Give again only the lines from the line that holds "Di Banjarmasin, Orang" to the end of the data, inclusive, omitting all pictures.

### [DATASET CONTENT]
# # #

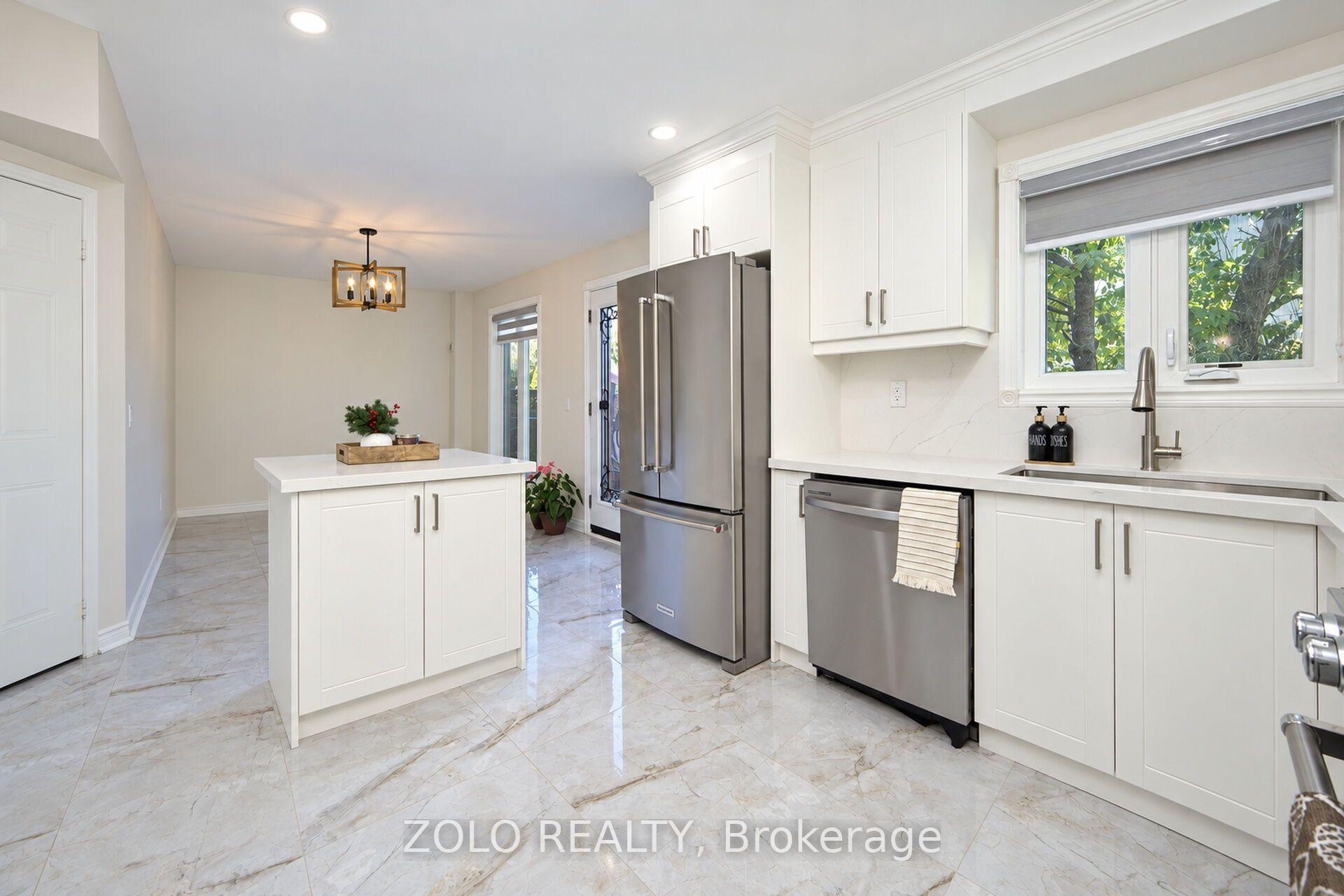 Photo 18 of 30 Morningdew Crescent, Brampton, Sandringham-Wellington — HOMEH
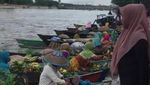 Di Banjarmasin, Orang Belanja ke Pasar Harus Pakai Perahu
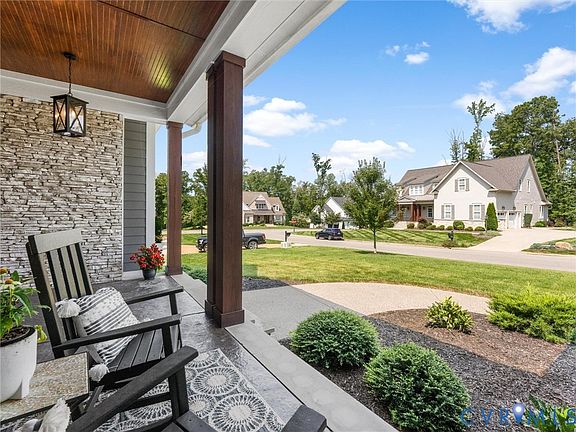 3rd image of 14807 Michaux Valley Cir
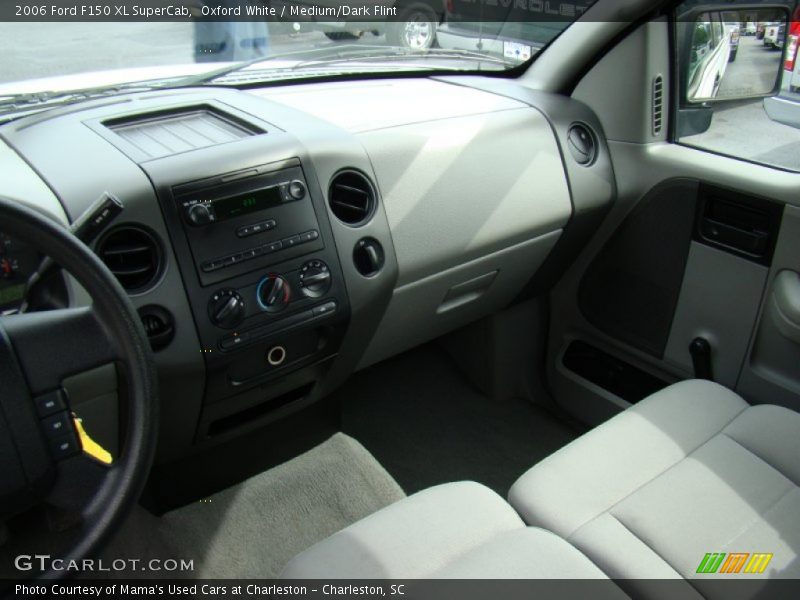 Oxford White / Medium/Dark Flint 2006 Ford F150 XL SuperCab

# # #

### [ANSWER SECTION]
 Di Banjarmasin, Orang Belanja ke Pasar Harus Pakai Perahu
 3rd image of 14807 Michaux Valley Cir
 Oxford White / Medium/Dark Flint 2006 Ford F150 XL SuperCab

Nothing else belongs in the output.